Created attachment 361076 [details] lockdep warning log Description of problem: Shortly after booting a system using mdraid with external metadata support to access 2 BIOS RAID 10 sets sharing 4 disks, I get the attached locking inconsistency warning. This might be related to one of the sets being unclean and needing syncing (so mdmon is actively syncing the set). If I do something which causes a signigicant amount of disk IO while the sync is running, the kernel locks up, and I get hung / stuck process detected messages every 120 seconds, so this warning seems to be very real. Let me know if you want me to hook up a serial cable and catch the stuck process reports. This is with: kernel-2.6.31-2.fc12.i686.PAE And older kernels too.
Created attachment 361145 [details] Proposed patch: upgrade sysfs_open_dirent_lock to spin_lock_bh
The attached patch simply upgrades the lock. It makes sysfs_notify_dirent() more useful and is cleaner than adding logic to md to delay the notification to process context.
Neil already sent a fix for this [1] in response to bz#515471. [1]: http://marc.info/?l=linux-kernel&m=124953744023803&w=2 *** This bug has been marked as a duplicate of bug 515471 ***
Ok, I've build a kernel with this fix in and the lockdep report is gone, but I still get deadlocks with my 2 raid10 set setup, I'll attach dmesg output of a machine with all processes trying to use the raid sets hanging. Re-opening this one to track the deadlock case.
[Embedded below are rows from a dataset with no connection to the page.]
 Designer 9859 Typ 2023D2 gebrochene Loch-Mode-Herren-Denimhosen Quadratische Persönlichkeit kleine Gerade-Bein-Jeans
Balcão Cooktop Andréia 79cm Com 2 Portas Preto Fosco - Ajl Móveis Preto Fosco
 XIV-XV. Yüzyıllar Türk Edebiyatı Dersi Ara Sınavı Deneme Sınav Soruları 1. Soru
Created attachment 361300 [details] dmesg output of a machine with all processes trying to use the raid sets hanging
It looks like the processes are waiting for mdmon to write 'active' to /sys/block/md*/md/array_state. Is mdmon still running at this point? Can you dump array_state to confirm that we are stuck at 'write-pending'? Finally can you say a bit more about what userspace is doing at this point, in the log the arrays are bouncing up and down (starting/stopping)?
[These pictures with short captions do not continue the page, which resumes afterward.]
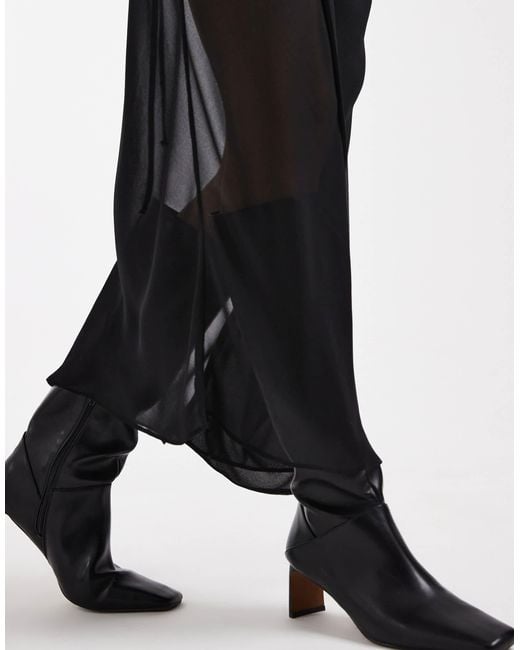 ASOS Black Sheer And Solid Wrap Maxi Skirt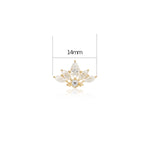 14K Gold Lab Diamond Lotus Cartilage Earring: Threadless Flat Back Stud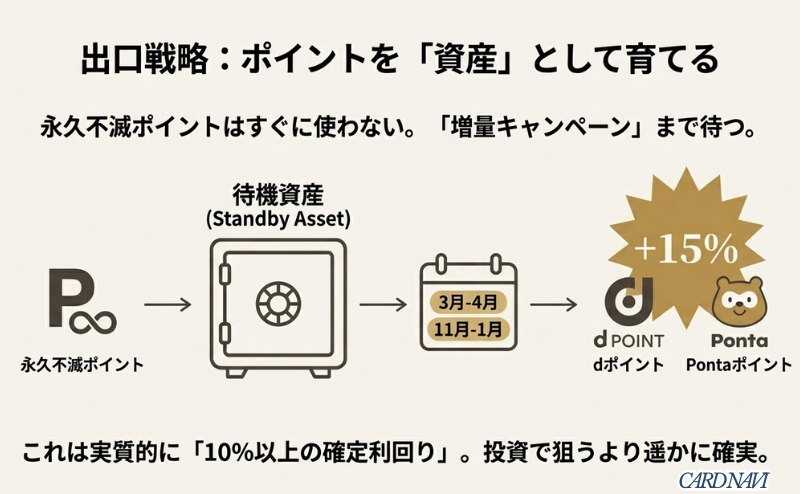 永久不滅ポイントを「待機資産」として金庫に保管し、特定の増量キャンペーン時期にdポイントやPontaポイントへ交換して15%の利益を得るフロー図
(In reply to comment #6) > It looks like the processes are waiting for mdmon to write 'active' to > /sys/block/md*/md/array_state. Is mdmon still running at this point? Can you > dump array_state to confirm that we are stuck at 'write-pending'? When I hit this again (if I hit this again) I'll be sure to try and gather all this info. > Finally can > you say a bit more about what userspace is doing at this point, in the log the > arrays are bouncing up and down (starting/stopping)? That is correct, the mdraid container code is shared with normal mdraid handling code in anaconda, and during install everything first gets scanned (so started) and then teared down again, so that for example partitions used as part of a native mdraid set can be re-purposed to hold a pv or whatever. So the arrays are stopped / started several times. Thanks for the hint that this might be mdmon though, this has helped me to fix a big problem with my test machine no longer booting at all, which was caused by an mdmon segfault inside the initrd, I've written a patch fixing this, see bug 523860.
Created attachment 361436 [details] Picture of another mdraid related stuck task A slightly different call trace from another stuck mdraid task, this time during the initrd. Note this initrd still has the crashy mdmon, I was trying to boot the machine to regenerate the initrd and it hung. So this could very well be another mdmon no longer running case. I'll attach another call trace picture from the same boot, which is yet again slightly different.
Created attachment 361437 [details] Picture of another mdraid related stuck task (2)
I seem to no longer be seeing this now I've managed to keep mdmon from crashing. Adjusting summary.
Ok, I can no longer reproduce this, with the necessary patches in place to properly handle mdmon handover from initrd to the running system and to not kill mdmon on reboot / halt, closing.